En 1973, lors du premier grand choc pétrolier, de nombreuses stations d'essence étaient à sec. [AFP]

Ce mercredi 9 mars, Bruno Le Maire a annoncé que la crise énergétique liée au conflit ukrainien serait «comparable» au choc pétrolier de 1973. Pour savoir et comprendre quels ont été les impacts de cette crise pétrolière majeure évoquée par le ministre de l'Economie, retour sur une période synonyme de tournant économique et énergétique pour la France.

Guerre du kippour et déflation du dollar

Les économistes attribuent le choc pétrolier a plusieurs facteurs. D'une part, la dévalorisation du dollar, suite à la fin des accords de Bretton-Woods, monnaie référence pour le prix du baril. D'autre part, la courte guerre du Kippour, entraînant un jeu d'alliance défavorable aux pays occidentaux.

Pour rappel, le 6 octobre 1973, l'Égypte et la Syrie attaquent les frontières israéliennes, dans le but de récupérer des territoires perdus suite à leur défaite dans la guerre des Six jours de 1967 (respectivement le Sinaï et le plateau du Golan). Face à la détresse de leur allié hébreu, les États-Unis envoient du matériel militaire. En réponse, les membres de l'Organisation des pays arabes exportateurs de pétrole (Opaep) augmentent les prix du baril de 70 % et annoncent une réduction mensuelle de la production de 5 % par mois, avec pour revendications la fin du contrôle israélien sur ces territoires et la reconnaissance de l'État d'Israël.
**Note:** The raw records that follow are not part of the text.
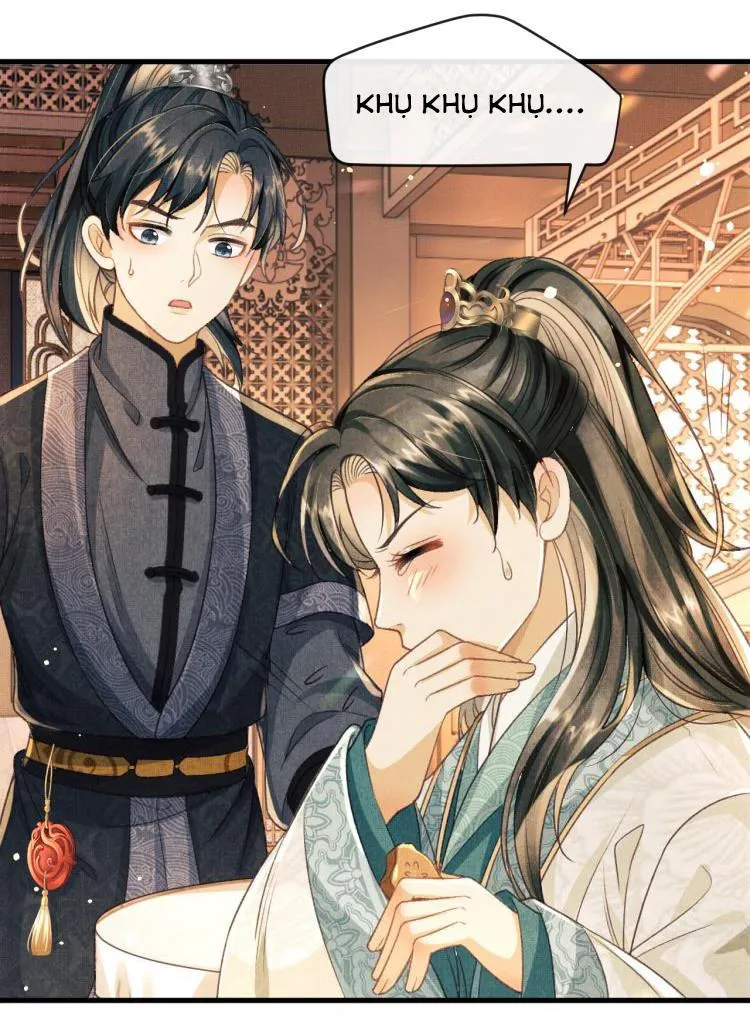 Tướng Quân Luôn Tự Coi Mình Thành Thế Thân Chapter 8 Trang 13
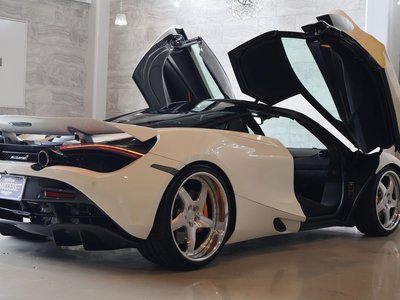 2018 Mclaren 720S 缩略图 67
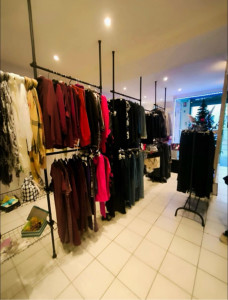 Photo de galerie - Installations de portant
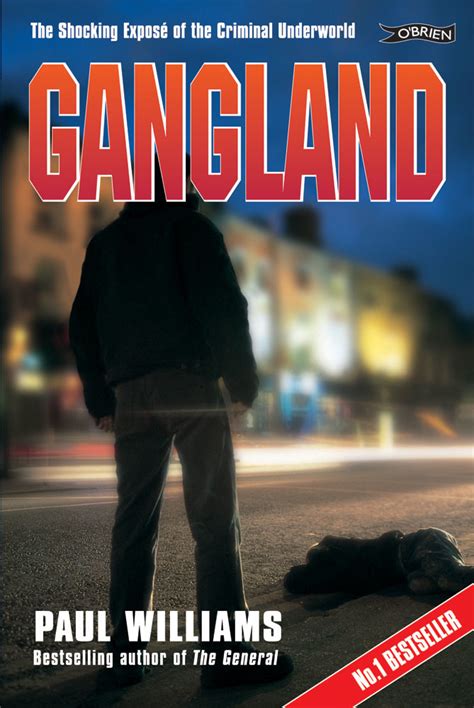 Gangland By Paul Williams Book Read Online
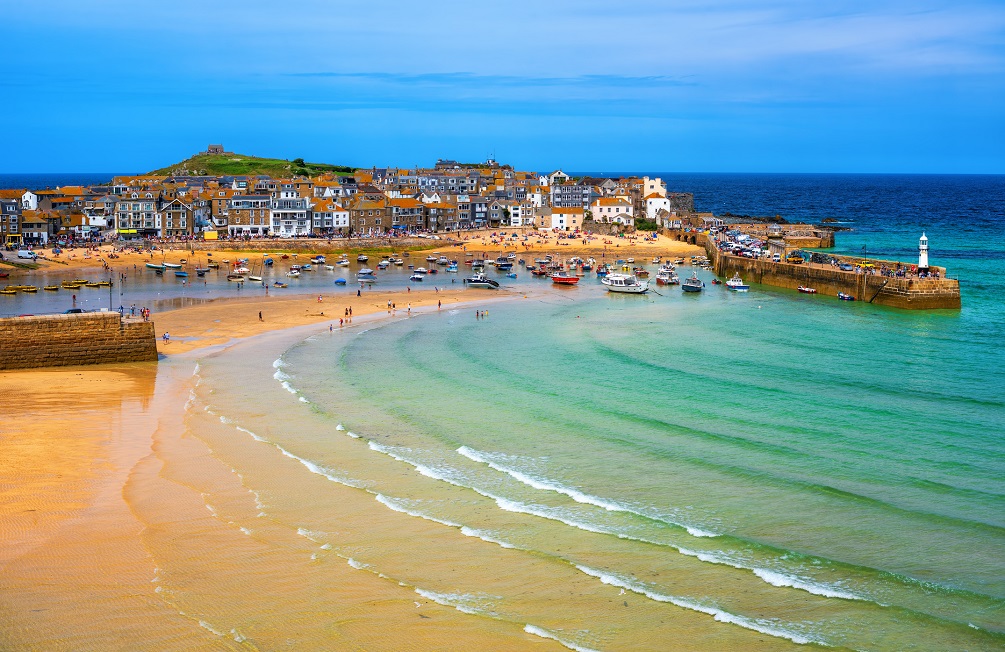 St Ives Cornwall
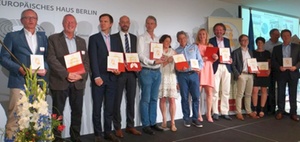 Comenius-Award: Auszeichnungen für digitale Weiterbildung
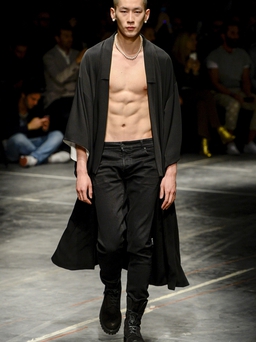 Spring 2017 Menswear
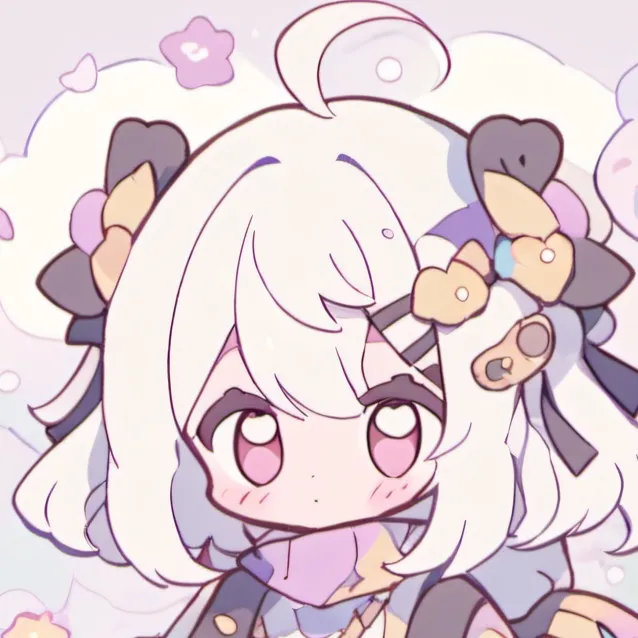 chat with ai character: baby Wenda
Le prix explose, notamment en France

Entre octobre 1973 et janvier 1974, le prix du pétrole quadruple de 2,60 à 11,65 dollars, le baril. Ce choc d'offre pèse alors sur toutes les économies occidentales qui misaient sur le pétrole comme source d'énergie principale.

C'est le cas de la France, pour laquelle le pétrole représente 66,5 % du bilan énergétique en 1973 contre 30 % en 1960. Les sources d'énergie alternatives, comme le nucléaire 0u l'industrie marémotrice, n'ont pas la capacité de compenser l'absence d'hydrocarbures. 

Le choc pétrolier se fait sentir dans les stations essence, où le prix à la pompe augmente de 20 % du jour au lendemain. Un coup de massue pour les automobilistes, d'autant que les foyers sont largement équipés en voiture (75 % des ouvriers en possèdent début 1974, contre 8 % vingt ans plus tôt). La hausse des prix sera constante jusqu'au début des années 1980. En l'espace de sept ans, le coût d'un litre d'essence aura quasiment triplé (1,69 franc/l en 1973 contre 4,17 francs/l en 1980, selon l'Insee).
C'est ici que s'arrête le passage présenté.